Brazil has shown how popular resistance can galvanize support for policies and programs that enshrine the right to food and nutrition. To reduce acute hunger worldwide, it will be essential for countries and international organizations to push for systemic change based on human-rights principles.

EUGENE/BRASÍLIA/HEIDELBERG – When former Brazilian President Jair Bolsonaro came to power in January 2019, one of his first acts in office was to abolish the National Food and Nutrition Security Council (CONSEA), a globally lauded body that had significantly reduced food insecurity. It was a huge step back for the country, which the United Nations Food and Agriculture Organization (FAO) had removed from its “hunger map” in 2014.

People immediately mobilized to protest Bolsonaro’s decision, including by organizing impressive public meals held on the streets of many cities – a national banquetaço. Gathered around tables laden with healthy food, communities’ resistance simultaneously celebrated and reclaimed the right to adequate food and nutrition.

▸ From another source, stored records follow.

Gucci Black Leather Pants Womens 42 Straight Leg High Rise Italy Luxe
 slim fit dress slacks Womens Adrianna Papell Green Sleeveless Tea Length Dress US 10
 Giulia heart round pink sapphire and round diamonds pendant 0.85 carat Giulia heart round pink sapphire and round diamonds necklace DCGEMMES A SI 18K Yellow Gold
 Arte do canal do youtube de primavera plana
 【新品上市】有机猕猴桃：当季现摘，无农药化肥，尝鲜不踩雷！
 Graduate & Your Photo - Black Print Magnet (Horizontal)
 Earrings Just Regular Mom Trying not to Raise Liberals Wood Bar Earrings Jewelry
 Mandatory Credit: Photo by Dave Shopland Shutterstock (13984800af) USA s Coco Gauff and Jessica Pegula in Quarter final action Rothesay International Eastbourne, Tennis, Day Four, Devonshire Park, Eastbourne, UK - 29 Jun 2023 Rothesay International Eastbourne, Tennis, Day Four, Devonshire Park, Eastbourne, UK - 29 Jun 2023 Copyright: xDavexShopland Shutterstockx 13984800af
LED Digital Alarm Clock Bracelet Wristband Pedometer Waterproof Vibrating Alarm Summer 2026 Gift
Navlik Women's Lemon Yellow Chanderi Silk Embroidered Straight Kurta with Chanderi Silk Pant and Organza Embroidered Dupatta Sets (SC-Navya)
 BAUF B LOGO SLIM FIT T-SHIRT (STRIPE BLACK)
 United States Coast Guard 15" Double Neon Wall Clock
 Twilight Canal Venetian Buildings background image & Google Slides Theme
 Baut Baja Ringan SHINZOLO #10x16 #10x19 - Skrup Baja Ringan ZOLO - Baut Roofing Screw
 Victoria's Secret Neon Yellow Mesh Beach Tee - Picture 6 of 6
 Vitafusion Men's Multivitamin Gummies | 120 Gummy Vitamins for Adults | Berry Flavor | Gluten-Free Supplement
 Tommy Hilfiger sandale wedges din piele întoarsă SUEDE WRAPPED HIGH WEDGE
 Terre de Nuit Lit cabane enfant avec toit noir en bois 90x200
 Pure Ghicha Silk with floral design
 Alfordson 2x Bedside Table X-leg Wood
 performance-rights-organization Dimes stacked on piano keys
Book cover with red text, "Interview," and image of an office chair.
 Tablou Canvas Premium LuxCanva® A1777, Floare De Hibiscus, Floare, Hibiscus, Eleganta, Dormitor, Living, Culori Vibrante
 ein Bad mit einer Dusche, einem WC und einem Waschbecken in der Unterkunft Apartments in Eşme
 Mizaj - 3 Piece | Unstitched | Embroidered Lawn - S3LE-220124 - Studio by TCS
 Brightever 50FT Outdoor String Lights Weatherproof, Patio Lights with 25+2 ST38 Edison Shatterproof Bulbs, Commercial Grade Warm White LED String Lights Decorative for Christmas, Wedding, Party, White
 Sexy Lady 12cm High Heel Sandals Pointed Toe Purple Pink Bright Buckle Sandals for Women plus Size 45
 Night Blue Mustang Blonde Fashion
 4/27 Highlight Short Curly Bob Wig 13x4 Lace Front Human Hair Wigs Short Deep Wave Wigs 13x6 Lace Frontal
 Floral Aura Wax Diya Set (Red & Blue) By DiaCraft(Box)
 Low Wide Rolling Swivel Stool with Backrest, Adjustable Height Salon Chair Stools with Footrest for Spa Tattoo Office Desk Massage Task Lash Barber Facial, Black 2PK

Many also strengthened their political commitment, calling for a process of permanent mobilization over the four years of Bolsonaro’s rule through the People’s Conference on Food and Nutritional Sovereignty and Security, which meets every four years to monitor policies and develop proposals based on a thorough analysis at local and national levels. Immediately after Luiz Inácio Lula da Silva was sworn in as Brazil’s president in January, he reinstated CONSEA, which one of us (Recine) heads and which will meet the people’s conference later this year to hear proposals.